Я никогда не задумывался о том, что бы было, если бы вдруг увезли не соседских детей, а мать. Я вообще редко о чём—то задумывался. Истошная бабка называла меня больным на голову. Я спрашивал у матери о своей болезни, но та мгновенно уходила от ответа. Часто она водила меня к каким—то сельским докторам—самоучкам, которые тихо разводили своими костлявыми руками. Честно признаться, я чувствовал, что со мной что—то не так. Я чуждался людей, и любые крики истошной бабки или кого—то другого заставляли меня дрожать и беспорядочно дергаться, а перед глазами в этот момент мельтешили разноцветные или черно—белые нечеткие квадраты. Когда соседка успокаивалась, квадраты исчезали, дрожь исчезала, и я продолжал своё восхождение на тополиную вершину. Мать на меня не кричала, она знала, что я странно реагирую на громкий звук.

Уже несколько минут я стоял и наблюдал за бабой Нюрой. Ее старческих сил уже не хватало, поэтому плач представлял собой цикличное нанизывание высоких звуков. Странно, но квадратов перед моими глазами в этот раз не было, и я осмелился на цыпочках переступить порог. Все оглянулись. Мать подбежала ко мне, взяла меня двумя руками за пальцы и постаралась увести в комнату. Но я неподвижно стоял и пытался освободить себя от её хватки. Я чувствовал что—то новое, незнакомое. Изнутри меня что—то больно щипало, словно оттягивая кожу, и я, прихрамывая, подошёл к старухе, рухнул на пол и обнял ее за ногу. Я сжимал ее крепко—крепко и наигранно всхлипывал. Это выходило как—то произвольно, я не руководил собой или, по крайней мере, мне так казалось. Позже мать всё—таки утащила меня в комнату и села передо мной на кровать. Она трясла куском ржавой дурно пахнущей селедки, пыталась заставить меня съесть это бесформенное яство, судорожно готовила меня к чему—то страшному. Помню, что мне было сложно уследить за каждым ее словом, сложно было вникнуть в то, что она говорит. Что—то про надвигающуюся опасность, про врагов… Если бы чуть медленнее… Наверное, я и вправду болен.

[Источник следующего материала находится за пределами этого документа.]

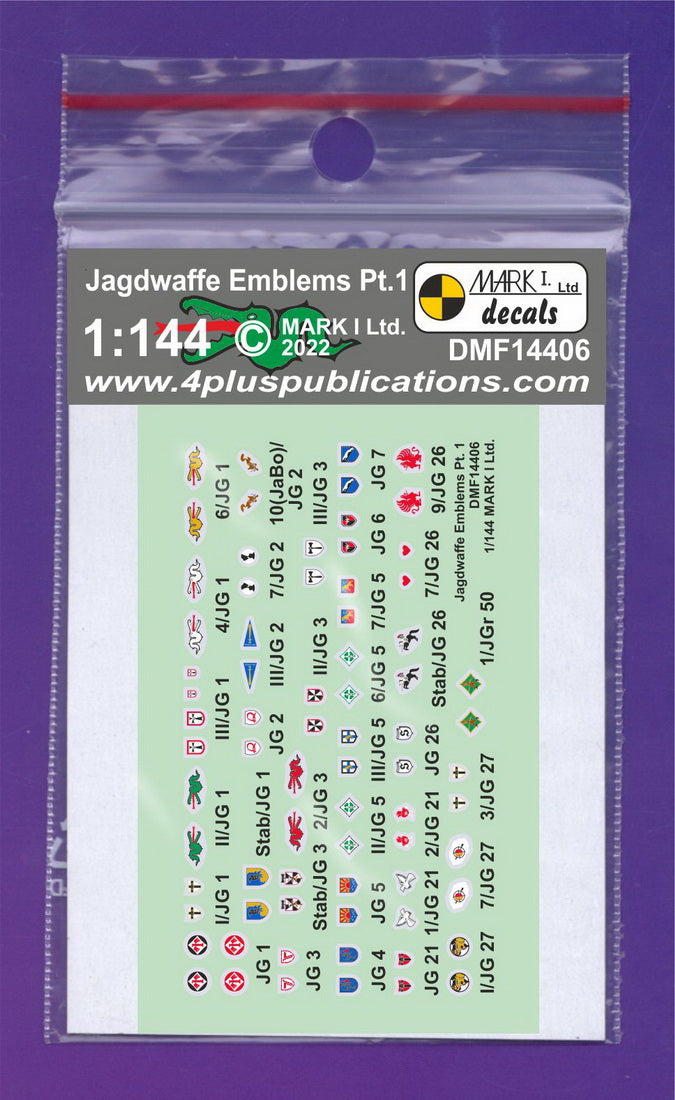 Mark I Decals DMF14406 1:144 Jagdwaffe Emblems, Pt.1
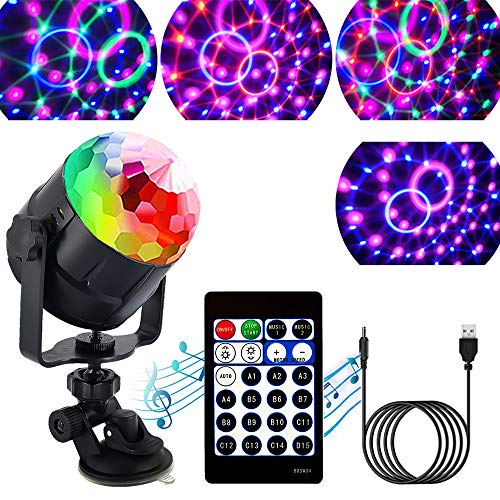 ZStarlite Bola de Luces Discoteca Giratoria para Fiestas con Cable USB, Control Remoto, Lámpara Activada por Sonido con 15 Colores de Iluminación, LED Giratoria Luz para Fiesta, Cumpleaños, Bar y Boda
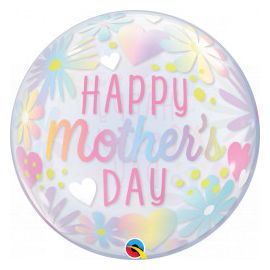 22 INCH MOTHERS DAY FLORAL PASTEL SINGLE BUBBLE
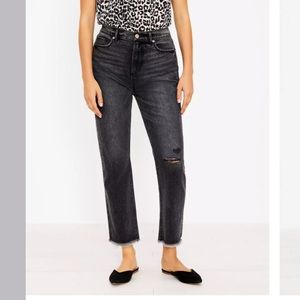 NWT, deconstructed, hi-rise, curvy fit jeans, soft-black wash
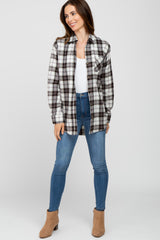 Black Plaid Button Up Collared Flannel Top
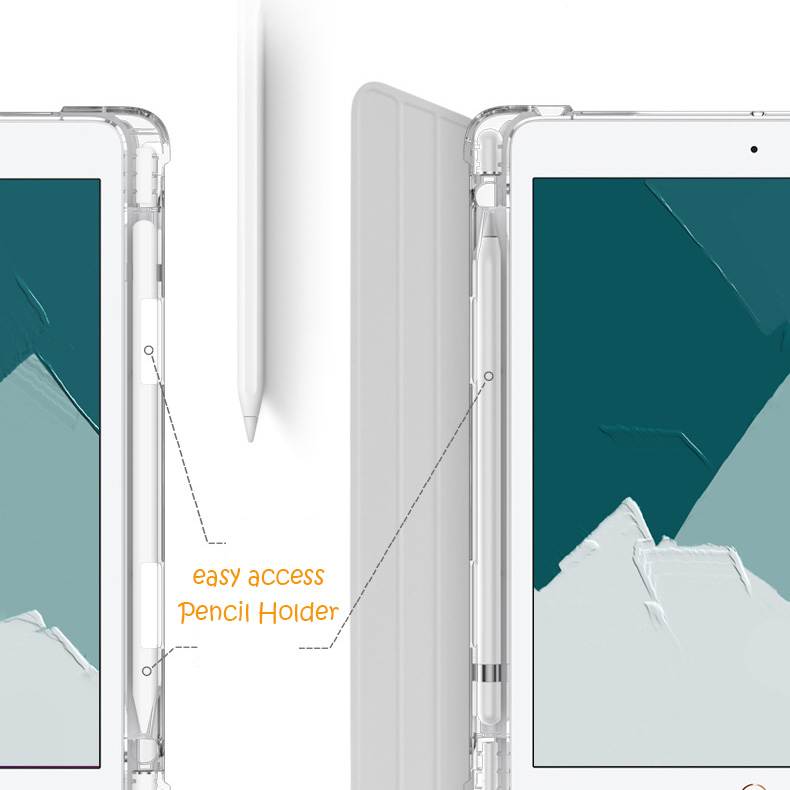 Bao Da Máy Tính Bảng Thông Minh Có Khe Cắm Bút tương thích với iPad Air 4 Air 3 Pro 10.5 7/8/9th Gen 10.2 5/6th Gen 9.7 Mini 5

Оставшийся кусок истеричного дня я провёл в комнате. Слова матери оказали на меня некое воздействие: я был будто под прессом, мое свободное сознание превращалась в расплюснутый металлический пласт. Он сдавливал виски, мерзко вибрировал в ушах, заставлял сердце яростно колотиться. Я лёг спать. Старался вспомнить, что пыталась донести мать, но отчаянный пресс жадно давил все появляющиеся мысли. Этот пресс, наверное, и есть моя болезнь.

Сон, к счастью, оказался сильнее. Он подавил панические атаки, резко нападавшие на моё нутро. Тем более во сне я часто видел черно—белые снимки какой—то радостной счастливой семьи, поэтому спать любил. Представлял на их месте нашу.

Но в эту ночь долго поспать мне не удалось. Сон прерывал какой—то вражеский грохот, грубые голоса и частый топот огромных ботинок. Я постарался насильно проснуться и поверить, что это сон. Не смог. С трудом поднялся с постели – ноги судорожно дрожали, сердце отчаянно билось свободными рифмами.

И снова мне было страшно выходить из комнаты, с каждым шагом вперед я пятился на два назад, но потом… Резко послышались нечеловеческие крики, больше похожие на вой израненного животного. Предчувствие меня не подводило. Кажется, к нам заявились те, о ком мать запрещала говорить вслух. За кем они пришли? За теткой? За дядей? Или они пришли забрать дом, разрушить хозяйство? Мать говорила, что теперь всё нажитое нами – общее, и рано или поздно придется поделиться с государством. Вся наша деревня являла собой стержневых работников колхоза, но я часто слышал, что денег не платили. Из разговоров я помню закон о «колосках» или «стручках, который наказывал арестом того, кто подбирал с общего поля колосок или стручок гороха. Все брали, и все знали о том, что все берут, но молчали.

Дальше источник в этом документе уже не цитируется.